Bill Mollison has said: “A crisis is brought on by people who don’t want to do something for themselves…and people who want to control others talk about Peak Oil and crisis because everyone else is panicking”.

This is a nice definition of crisis. Undoubtedly, crisis is a human-made phenomenon. In Bolivia, “crisis” is a constant state of affairs. Is the crisis over-blown, a manufactured and malformed instrument designed to control the population and empower the politicians? Probably. But the true nature of the crisis does not escape me.

Not long ago, Al Gore spoke of the hundreds of thousands of displaced persons as a result of climate change. Perhaps the word of the year for 2008 will be “climate refugee”. Doubtful that the climate refugees of the world exceed the war refugees, yet, but soon enough it will be difficult to tell the difference between one and the other.

In Bolivia, I don’t know if the mass migrants should be considered refugees or not. But the nature of the crisis is without question (yet hardly debated in the public sphere): the deterioration of the natural resource base. Erosion is perhaps the most critical and undiscussed problem facing the nation. It is a bitter topic indeed, because it is difficult to pinpoint the perpetrator. As Franklin D. Roosevelt so wisely said many years ago: A nation that destroys its soils destroys itself.
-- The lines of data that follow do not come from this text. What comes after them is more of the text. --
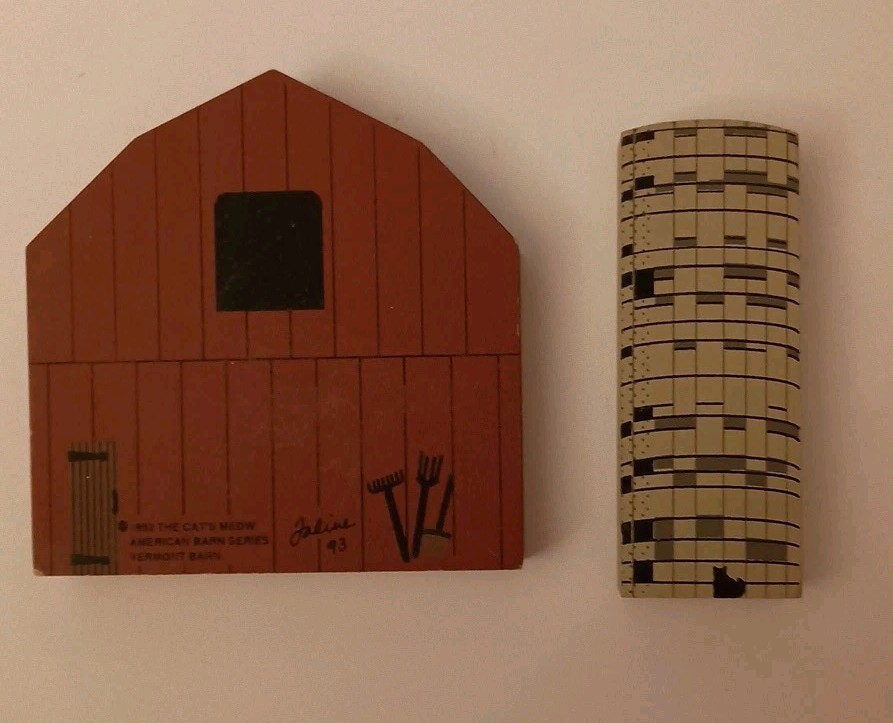 Cat’s Meow Village Lot of 20 Pieces Buildings & Accessories 1988-1996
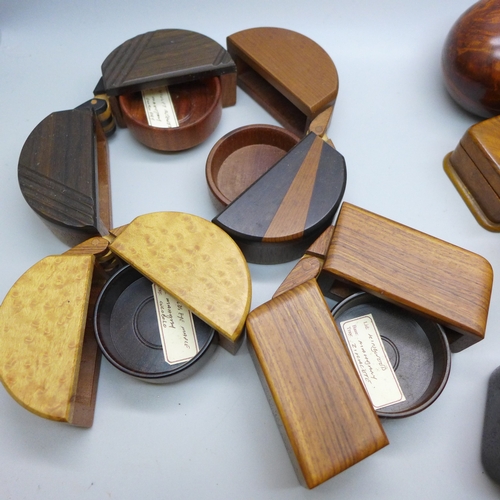 2061 - A collection of wooden boxes, various woods, shapes, four hinged, fourteen in total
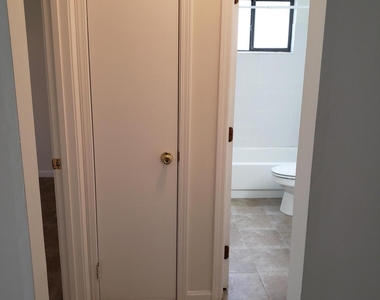 2642 San Francisco Boulevard - Photo Thumbnail 13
And so, Bolivia is destroying itself, and not so slowly as we might believe. Healthy soils generate economic activity: they make possible a variety of management options, from beekeeping to mushroom farming and integrated agroforestry plantations. But, these activities also build healthy soils. So let me be clear: what Bolivia suffers from is a lack of resource management skills. Good management alone, and as Mollison suggests, a willingness to do something for oneself, will rebuild soils, productivity will sky-rocket, and local economies will be revitalized.